Dataset entries:
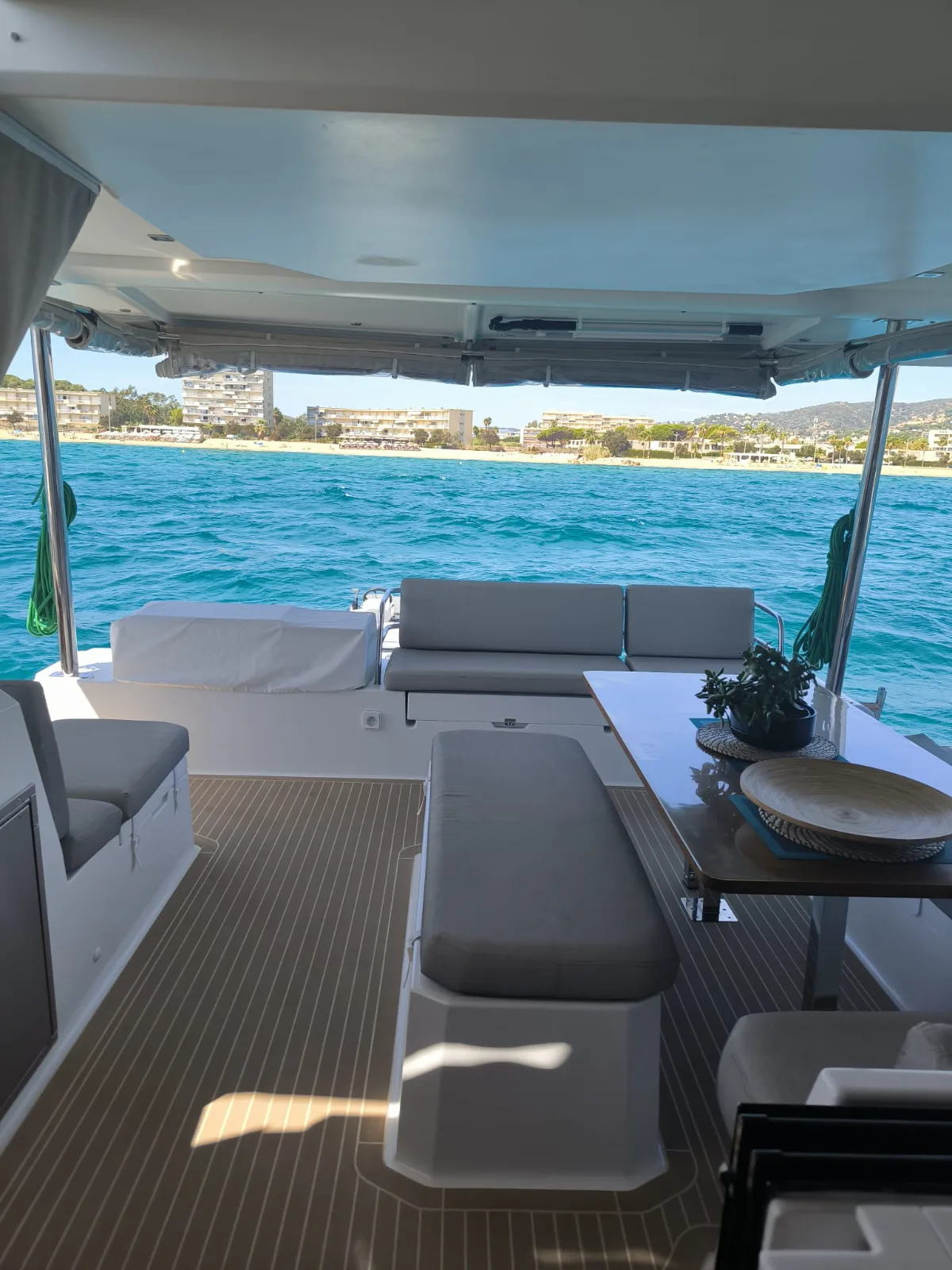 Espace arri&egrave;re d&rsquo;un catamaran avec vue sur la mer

--

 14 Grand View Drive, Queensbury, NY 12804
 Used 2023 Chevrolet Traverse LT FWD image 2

==

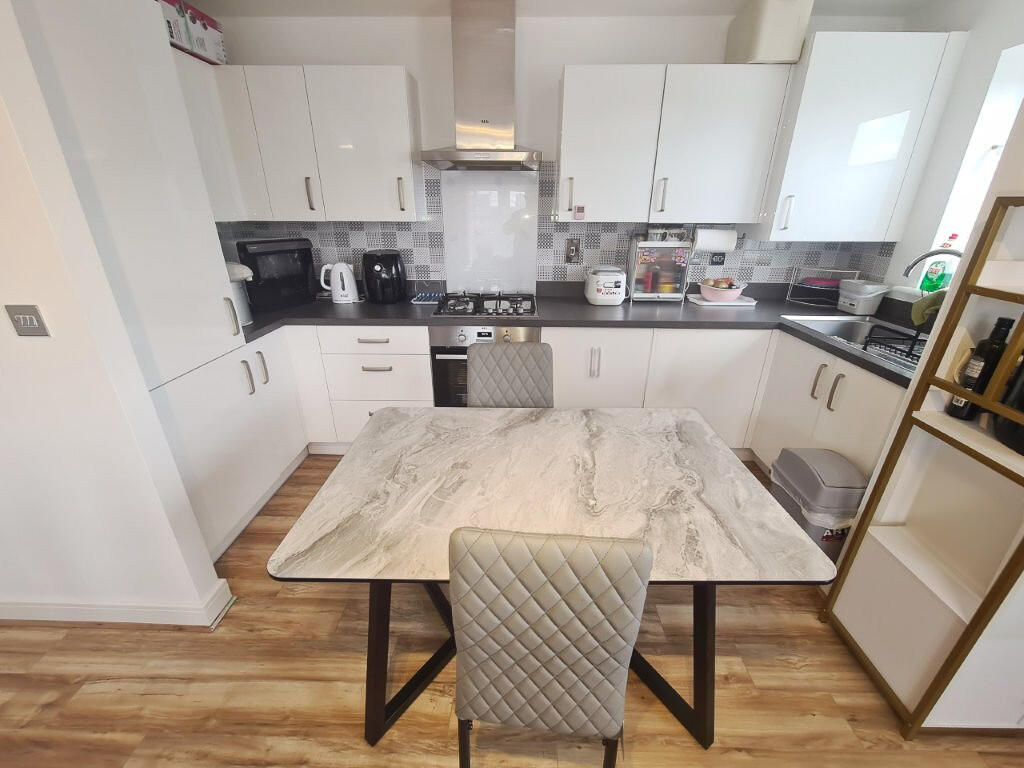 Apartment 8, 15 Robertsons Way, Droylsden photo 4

What the task requires: Could you repeat exactly the lines above from the line with "14 Grand View Drive, Queensbury, NY 12804" up to and including the line with "Used 2023 Chevrolet Traverse LT FWD image 2", and only those?

Result of the exercise:
 14 Grand View Drive, Queensbury, NY 12804
 Used 2023 Chevrolet Traverse LT FWD image 2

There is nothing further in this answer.